Born October 15, 1926, Betty Nance Smith grew up in High Point, North Carolina. It was there that she met and married her husband, Bill (William Doyt) Smith. Betty Smith attended the Women’s College of Greensboro (now the University of North Carolina at Greensboro), where she studied Sociology. She worked in this field after her marriage, before Bill Smith’s career took the couple to Georgia.
Betty Smith was raised in a home where her father and grandmother sang traditional ballads, and her grandmother rocked babies to the song, "Barbara Allen." Betty’s own decades-long career in music began when her family gave her a guitar as a Christmas present. She soon began to perform, playing not only guitar, but also fiddle, mountain dulcimer, autoharp, and psaltry. Her family visited Western North Carolina on vacations, and Betty Smith joined in the region’s traditional music scene. Bascom Lamar Lunsford invited her to perform at the Mountain Dance and Folk Festival, after hearing a tape of her singing. Betty Smith’s first performance at that festival was in 1963 or 1964. She performed at that festival for over five decades.
Over the years, Betty Smith’s music career expanded from performance to teaching to scholarship. She taught numerous workshops at the John C. Campbell Folk School, some in partnership with her husband, Bill Smith, who was a skilled dulcimer maker. She also taught at Berea College, Mars Hill College, and many other schools and festivals. Betty Smith was an expert in teaching music to children. After receiving a Master’s degree in Early Childhood Education from Georgia State University, she wrote music curriculum books for teachers of young children. She taught students from pre-school through high school in artist residencies in both Georgia and North Carolina.
In the late 1980s, Betty and Bill Smith moved back to North Carolina, to a log cabin they built on Bluff Mountain, near the town of Hot Springs. Betty Smith developed a fascination with Jane Hicks Gentry, a Hot Springs resident who gave the most songs to English music collector Cecil Sharp on his visits to the region in 1916 and 1917. She wrote articles and conference papers about Mrs. Gentry, her music, and her family, and in 1998 published the book, Jane Hicks Gentry: A Singer Among Singers. This book went on to win the Willie Parker Peace History Book Award from the North Carolina Society of Historians, and the Society bestowed the Paul Green Multi-Media Award on the one-woman play Betty Smith wrote about Jane Gentry, “A Mountain Riddle.”
Betty and Bill Smith became involved in the fight to save Bluff Mountain from logging by the United States Forest Service. In addition to their advocacy, Betty Smith helped found the Bluff Mountain Festival in 1996 to generate awareness and raise funds for the legal fight to protect these lands. That festival continues today.

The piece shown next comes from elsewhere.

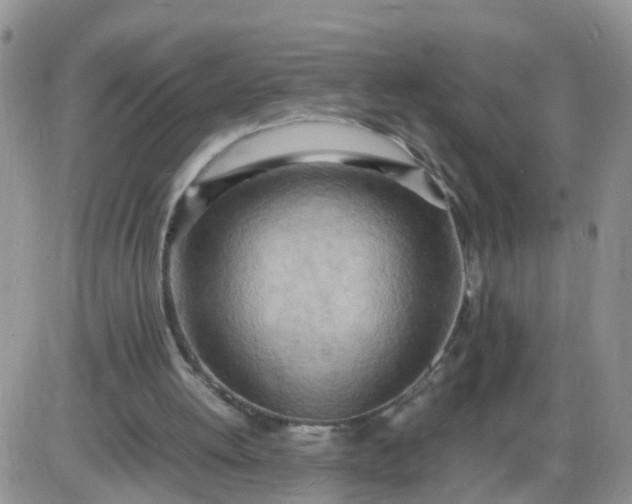 X0000085290052200703231843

Throughout her long life and career, Betty Smith won many awards. Among these were the Brown-Hudson Award from the North Carolina Folklore Society and the Minstrel of Appalachia Award from Mars Hill College “for a lifetime of performing and preserving mountain music.” She received an honorary doctorate from Mars Hill College in 2008, and the highest award bestowed to a North Carolinian, the Order of the Long Leaf Pine, in 2017. Betty Nance Smith passed away on December 1, 2023.